Per il pubblico fu un enorme successo, che si espanse da subito verso gli l’Europa e gli Stati Uniti, dove il cinematografo fu osteggiato da Edison, mentre i Lumière inviarono operatori formati direttamente da loro in giro per il mondo, per incrementare il numero di riprese.
Oltre la realtà: il cinema diventa cinema con storie e sonoro
Col senno di poi sembra incredibile; ma la bolla del cinematografo esplose nel breve tempo di un paio d’anni, quando infine il macchinario venne commercializzato. Ciò che non compresero i Lumière, oltre l’invenzione del cinematografo, fu la creazione del nuovo linguaggio artistico, fatto dapprima solo di immagini in movimento e poi anche di suono e di parole.

Riprendere e riproporre la realtà non bastava più; sarebbero servite le storie, i veri e propri film, per realizzare il cinema per come lo conosciamo. Gli stessi fratelli Auguste e Louis lasciarono poi il cinematografo, dedicandosi alla fotografia e alla sperimentazione dei colori su immagine fissa, inventando “l’autocroma”: un’invenzione che durò per circa 30 anni.

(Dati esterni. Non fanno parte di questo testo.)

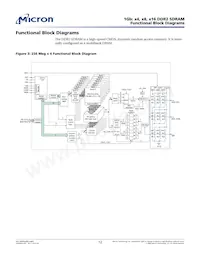 MT47H64M16HR-3 AAT:H TR Datasheet Page 12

L’eredità dei fratelli Lumière arrivata fino a noi
Di Lumière è rimasto solo un vino, creato a suo tempo dal padre Antoine, oltre al nome, e alla storia, dei fratelli Auguste e Louis. Il secondo, nel 1932, tentò anche l’invenzione di un proiettore di “film in rilievo“, antesignano del cinema 3D.
Una storia che ha assunto, ormai, i contorni della leggenda, celebrata come rivoluzione artistica che ha cambiato il modo di veicolare la cultura e le storie dell’essere umano.

A Padova, nella mattinata del 28 dicembre, l’anniversario è stato celebrato dal museo del Precinema della fondazione Minici Zotti con la proiezione delle 10 pellicole che furono esibite nella serata di 130 anni fa nella suggestiva sala Rossini del Caffè Pedrocchi. Non solo un omaggio al passato, ma anche un auspicio al futuro cinematografico, che non deve dimenticare da dove la sua storia sia iniziata, nello spirito di una forma d’arte che funziona solo in condivisione, sia da parte di chi la fa, sia di chi la riceve. Non resta che augurare un buon compleanno al cinema, e ad altri cento e più di questi giorni.